----- DATA FOR THIS TASK

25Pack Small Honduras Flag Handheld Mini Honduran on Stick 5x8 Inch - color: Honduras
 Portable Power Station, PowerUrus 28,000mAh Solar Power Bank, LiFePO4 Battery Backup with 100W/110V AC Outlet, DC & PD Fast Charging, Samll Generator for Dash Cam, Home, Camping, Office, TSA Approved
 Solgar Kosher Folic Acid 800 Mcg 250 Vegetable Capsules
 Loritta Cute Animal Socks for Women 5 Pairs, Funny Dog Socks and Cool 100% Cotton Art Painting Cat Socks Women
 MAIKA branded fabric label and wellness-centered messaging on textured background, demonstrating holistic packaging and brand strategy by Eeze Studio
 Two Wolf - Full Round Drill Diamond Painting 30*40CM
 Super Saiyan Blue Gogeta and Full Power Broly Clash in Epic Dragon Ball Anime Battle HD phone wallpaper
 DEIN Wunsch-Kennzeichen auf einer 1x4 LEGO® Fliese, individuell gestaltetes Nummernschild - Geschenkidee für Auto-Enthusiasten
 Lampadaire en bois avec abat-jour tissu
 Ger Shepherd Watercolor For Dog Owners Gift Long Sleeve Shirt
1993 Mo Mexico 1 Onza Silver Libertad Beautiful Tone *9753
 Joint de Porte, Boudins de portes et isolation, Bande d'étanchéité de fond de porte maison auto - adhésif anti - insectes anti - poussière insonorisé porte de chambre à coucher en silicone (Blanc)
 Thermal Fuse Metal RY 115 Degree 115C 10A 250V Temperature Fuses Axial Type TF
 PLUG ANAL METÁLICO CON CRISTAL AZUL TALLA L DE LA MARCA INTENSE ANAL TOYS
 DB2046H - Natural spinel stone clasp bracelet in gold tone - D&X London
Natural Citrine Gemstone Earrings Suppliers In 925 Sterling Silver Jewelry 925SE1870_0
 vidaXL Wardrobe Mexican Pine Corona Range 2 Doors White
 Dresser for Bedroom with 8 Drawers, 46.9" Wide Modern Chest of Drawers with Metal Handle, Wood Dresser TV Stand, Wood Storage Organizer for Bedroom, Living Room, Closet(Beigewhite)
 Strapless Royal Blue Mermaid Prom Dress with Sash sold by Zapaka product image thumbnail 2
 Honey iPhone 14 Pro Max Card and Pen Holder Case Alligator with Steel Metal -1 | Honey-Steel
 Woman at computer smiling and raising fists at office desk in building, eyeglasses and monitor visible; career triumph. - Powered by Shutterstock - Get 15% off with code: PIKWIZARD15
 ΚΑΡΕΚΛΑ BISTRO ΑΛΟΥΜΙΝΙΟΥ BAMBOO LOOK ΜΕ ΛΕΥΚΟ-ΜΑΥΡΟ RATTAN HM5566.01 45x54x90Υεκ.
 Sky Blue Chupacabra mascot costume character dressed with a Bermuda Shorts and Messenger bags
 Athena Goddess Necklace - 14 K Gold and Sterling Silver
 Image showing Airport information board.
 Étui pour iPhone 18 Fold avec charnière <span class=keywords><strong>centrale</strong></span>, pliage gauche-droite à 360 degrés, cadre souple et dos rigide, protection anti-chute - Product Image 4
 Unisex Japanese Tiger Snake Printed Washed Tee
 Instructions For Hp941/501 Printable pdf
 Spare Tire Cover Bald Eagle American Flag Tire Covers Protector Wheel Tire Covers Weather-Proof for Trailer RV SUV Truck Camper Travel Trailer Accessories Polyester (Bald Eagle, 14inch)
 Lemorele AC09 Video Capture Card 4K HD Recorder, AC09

----------

WHAT TO PRODUCE
Look back at the data above. Transcribe exactly the lines starting at the line that contains "MAIKA branded fabric" and ending at the line that contains "Two Wolf - Full".

REPLY TO THE TASK
 MAIKA branded fabric label and wellness-centered messaging on textured background, demonstrating holistic packaging and brand strategy by Eeze Studio
 Two Wolf - Full Round Drill Diamond Painting 30*40CM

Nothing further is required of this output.